While severe damage to the major airway is rare, tracheal laceration occasionally occurs in animals that have sustained bite wounds to the neck. Physical examination finding of subcutaneous emphysema in the neck region is supportive of tracheal laceration. Mild cases may not be associated with respiratory compromise, while severe respiratory distress may occur with severe lacerations or tracheal avulsions. Mild tracheal lacerations resolve with time and supportive care. All trauma patients with subcutaneous emphysema should have chest radiographs performed and the thoracic trachea examined for air leakage. If bite wounds to the neck are present, the cervical trachea can be examined during exploration of the wound and a tracheal laceration can be repaired at that time. Major tracheal laceration or tracheal avulsion can lead to pneumomediastinum or less commonly, pneumothorax. Thoracocentesis or chest tube may be required if a pneumothorax is present. Long term complications of tracheal damage include tracheal necrosis and tracheal stenosis.
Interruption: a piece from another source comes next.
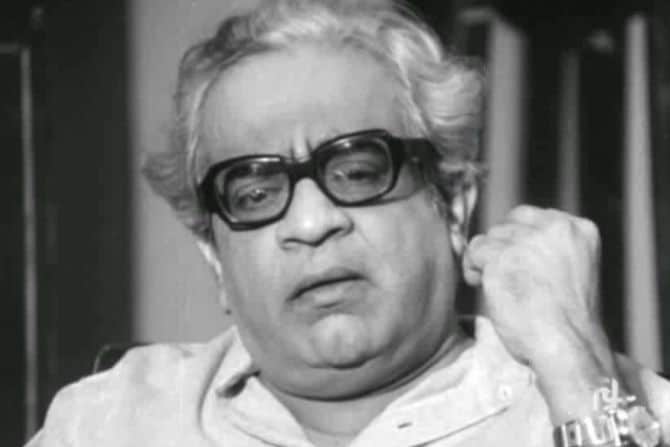 पु.ल. देशपांडे हे महाराष्ट्राचं लाडकं व्यक्तिमत्व. त्यांचा आज विसावा स्मृतीदिन.. मात्र मागे त्यांच्या आठवणीच नाहीत तर अमाप साहित्यकृतीही आहेत ज्यामुळे ते आपल्या मनात कायमच जिवंत राहतील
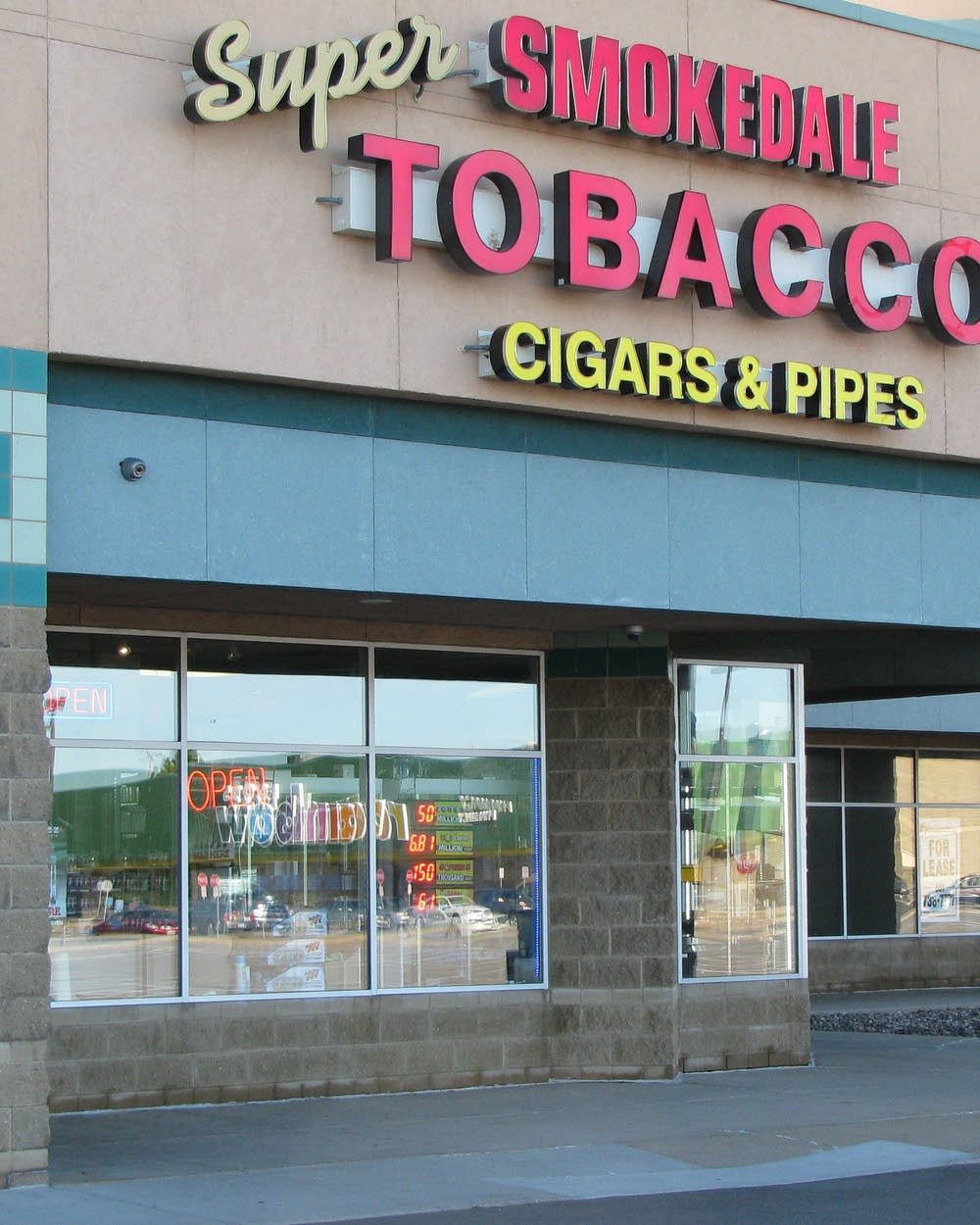 Smokedale: Federal agents raided stores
Thoracic trauma is common in the veterinary trauma patient. Serial assessment of oxygenation and ventilation status is imperative to successful management of these patients. Pulmonary contusion and pneumothorax secondary to thoracic trauma can often be managed medically with oxygen supplementation and placement of a thoracostomy tube. Mechanical ventilation may be required in cases of respiratory failure that is not responsive to oxygen administration. Penetrating thoracic wounds should not be removed until the animal is anesthetized and prepped for surgery due to the high likelihood of inducing pneumothorax and intrathoracic bleeding.